## Stored records
_ _ _ _

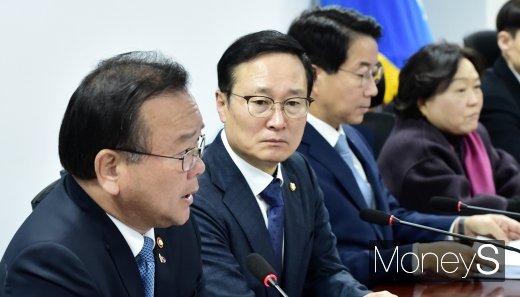 [머니S포토] 발언하는 김부겸
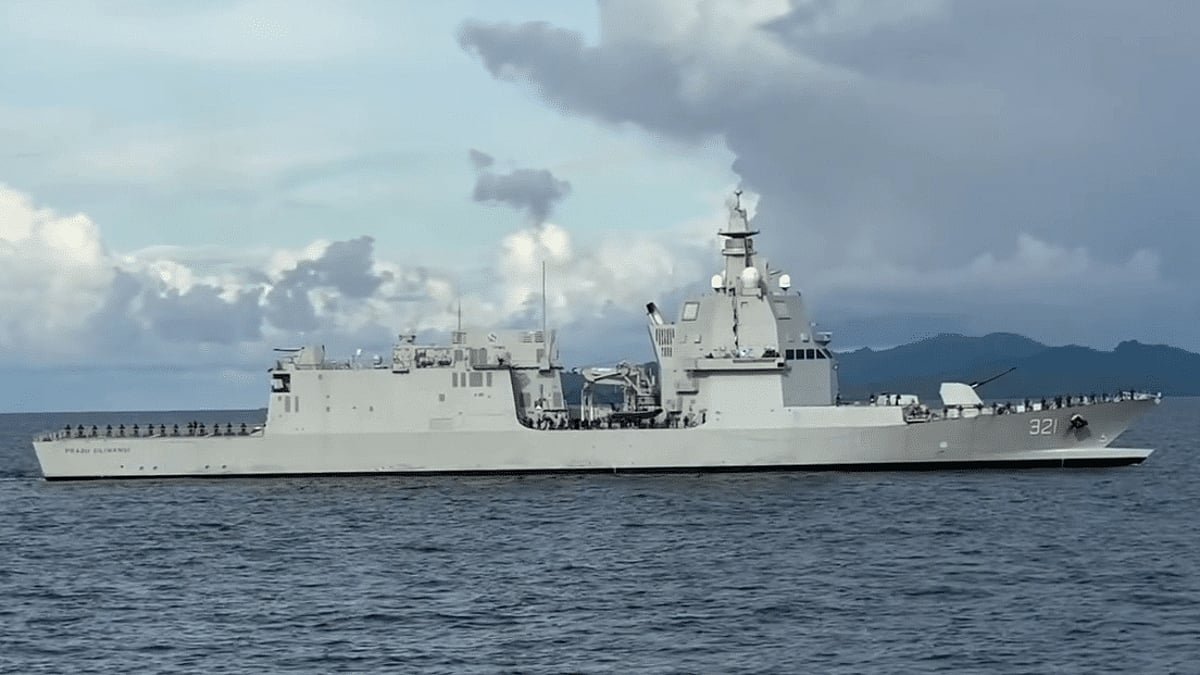 Indonesian Navy patrol ship arrives in home waters
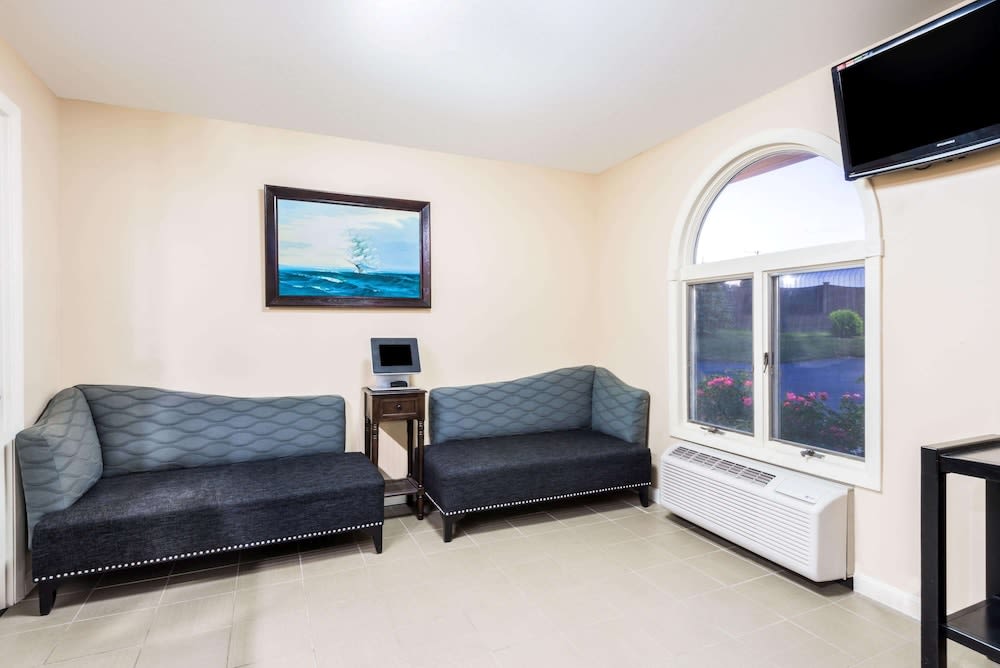Days Inn by Wyndham Middletown/Newport Area 2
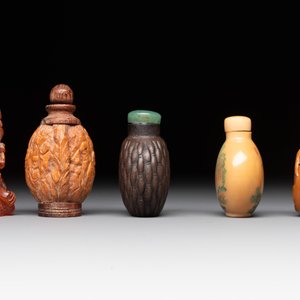 A collection of ten Chinese snuff bottles, 20th C. — photo 11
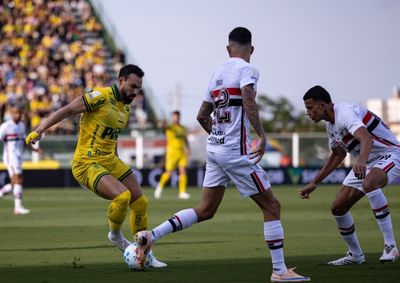 Le&atilde;o sai na frente com gol de Neto, v&ecirc; S&atilde;o Paulo empatar ainda no 1&ordm; tempo, chega a 37 pontos e mant&eacute;m 14&ordm; lugar antes de sequ&ecirc;ncia com dois jogos fora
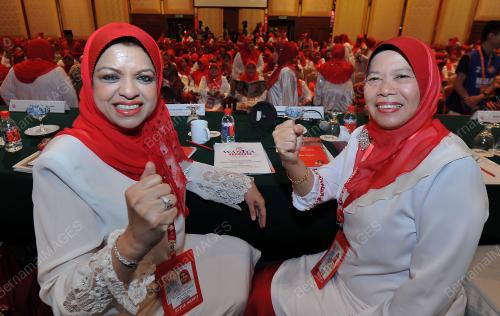 UMNO04_04122013_WANITA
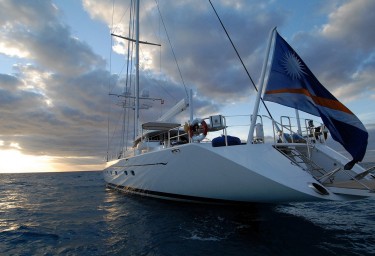 Sailing Yacht HYPERION Stern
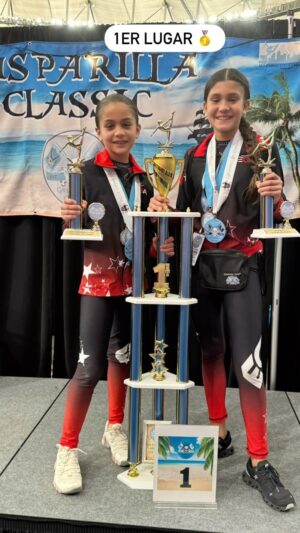 Milena Torres Instagram - Mis niñas hoy se llevaron el 1er Lugar 🤸🏻‍♀️🥇🤸🏻‍♀️🥇en “All Aroud” cada una en su edad y categoria 😍

Siento Mucha emoción y orgullo por mis niñas 🩷🙏🩷 Sabemos que con Amor, dedicación y disciplina podemos cumplir nuestros sueños 🥹🙏 
Gracias mis Anitas por dar siempre lo mejor de ustedes, por seguir adelante los días buenos y en los no tan buenos, por permitirme acompañarlas en este camino del cual tanto van aprendiendo y disfrutado 🥹 LAS AMO ayer, hoy y siempre ♾️ 
.
Puse pedacitos de cada una porque sino seria muy largo el video 😅
.
Su academia @egamiami hoy tambien se llevo el 1er lugar 😍🥇👏 Bravo! 

#gymnast  #firstplace #champion #moment #motivation #goals #gimnasia #gasparillaclassic #elitegymnastics #stpetersburg #florida #love #anaclaudia #anacristina #girls #athlete 🤸🏻‍♀️🤸🏻‍♀️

_ _ _ _

## ACTION ITEM
Copy word for word the span of the records above that begins at the line with "A collection of" and ends at the line with "Siento Mucha emoción", including those two lines but not the pictures.

## SOLUTION
 A collection of ten Chinese snuff bottles, 20th C. — photo 11
 Le&atilde;o sai na frente com gol de Neto, v&ecirc; S&atilde;o Paulo empatar ainda no 1&ordm; tempo, chega a 37 pontos e mant&eacute;m 14&ordm; lugar antes de sequ&ecirc;ncia com dois jogos fora
 UMNO04_04122013_WANITA
 Sailing Yacht HYPERION Stern
 Milena Torres Instagram - Mis niñas hoy se llevaron el 1er Lugar 🤸🏻‍♀️🥇🤸🏻‍♀️🥇en “All Aroud” cada una en su edad y categoria 😍

Siento Mucha emoción y orgullo por mis niñas 🩷🙏🩷 Sabemos que con Amor, dedicación y disciplina podemos cumplir nuestros sueños 🥹🙏 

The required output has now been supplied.